How to use (4 steps)
- 1. Sign in / registerSign in to your account first. Registration is free if you do not have one.
- 2. Issue an API keyOn the API Management page, enter a project name and click Issue. The plaintext key is shown only once at creation — copy it somewhere safe (only a hash is stored in the DB).
- 3. Your first requestCall an endpoint below with Authorization: Bearer <your key>.
- 4. Handle the response / operateImage and audio return base64; video returns a job id to poll. Check the timing block for speed. Revoke unused keys, and revoke + reissue if a key leaks.
Latency (RTX PRO Blackwell)
| Endpoint | Mode | Speed |
|---|---|---|
Audio /audio/generations | sync | first audio ~85–120ms / under 1s for short text |
Image /images/generations | sync | ~4s (1024², 20 steps) |
Video /videos/generations | async job | ~60–90s (poll the job id) |
Authentication
Send your API key as a Bearer token on every request. Issue keys from the API Management page (the plaintext is shown only once at creation).
Authorization: Bearer kotonia_xxxxxxxxxxxxxxxxxxxxxxxxxxxxxxxx
Image API
curl -X POST https://kotonia.ai/api/v1/images/generations \
-H "Authorization: Bearer $KOTONIA_API_KEY" \
-H "Content-Type: application/json" \
-d '{
"prompt": "a serene japanese garden at dawn, soft light",
"size": "1024x1024",
"steps": 20
}'
# → { "data": [ { "b64_json": "<PNG base64>" } ], "timing": { "total_ms": 4200 } }Optional: seed, guidance_scale, shift, ref_image (base64, edit mode).

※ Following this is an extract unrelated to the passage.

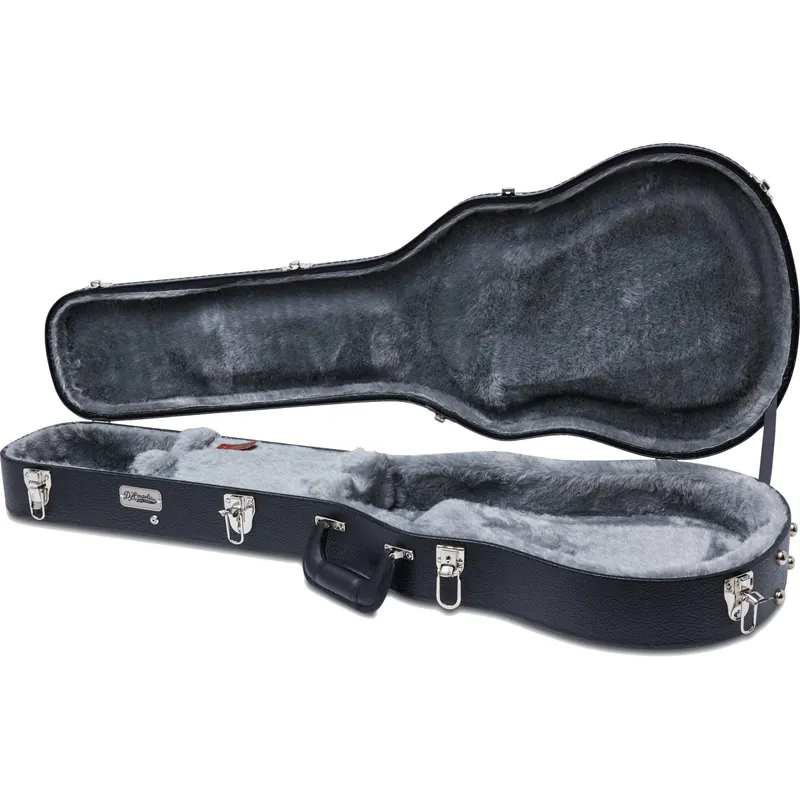 Populärt val D'Angelico Mini DC Hard Case fodral för D'Angelico Mini DC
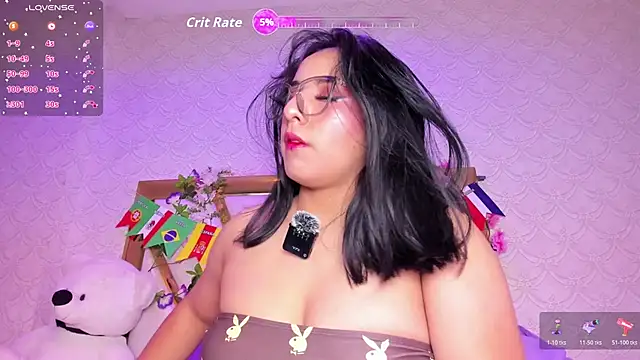BeccaMathew online show from June 27, 12:59 am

Limits: prompt ≤ 4000 chars, size 256–2048 per side (out-of-range returns 400).
Audio API
curl -X POST https://kotonia.ai/api/v1/audio/generations \
-H "Authorization: Bearer $KOTONIA_API_KEY" \
-H "Content-Type: application/json" \
-d '{
"input": "Hello, what a lovely day.",
"engine": "qwen3",
"language": "en"
}'
# → { "audio": { "b64": "<WAV base64>", "format": "wav", "sample_rate": 24000 },
# "timing": { "first_byte_ms": 92, "total_ms": 480 } }engine: qwen3 (default, multilingual) / irodori / voicevox. Optional: voice, speed, instruct. Limits: input ≤ 4000 chars.
Video API (async)
# 1) submit job
curl -X POST https://kotonia.ai/api/v1/videos/generations \
-H "Authorization: Bearer $KOTONIA_API_KEY" \
-H "Content-Type: application/json" \
-d '{ "prompt": "a cat walking through neon-lit streets", "width": 768, "height": 512 }'
# → { "id": "<job_id>", "status": "queued", "poll_url": "/api/v1/videos/generations/<job_id>" }
# 2) poll
curl https://kotonia.ai/api/v1/videos/generations/<job_id> \
-H "Authorization: Bearer $KOTONIA_API_KEY"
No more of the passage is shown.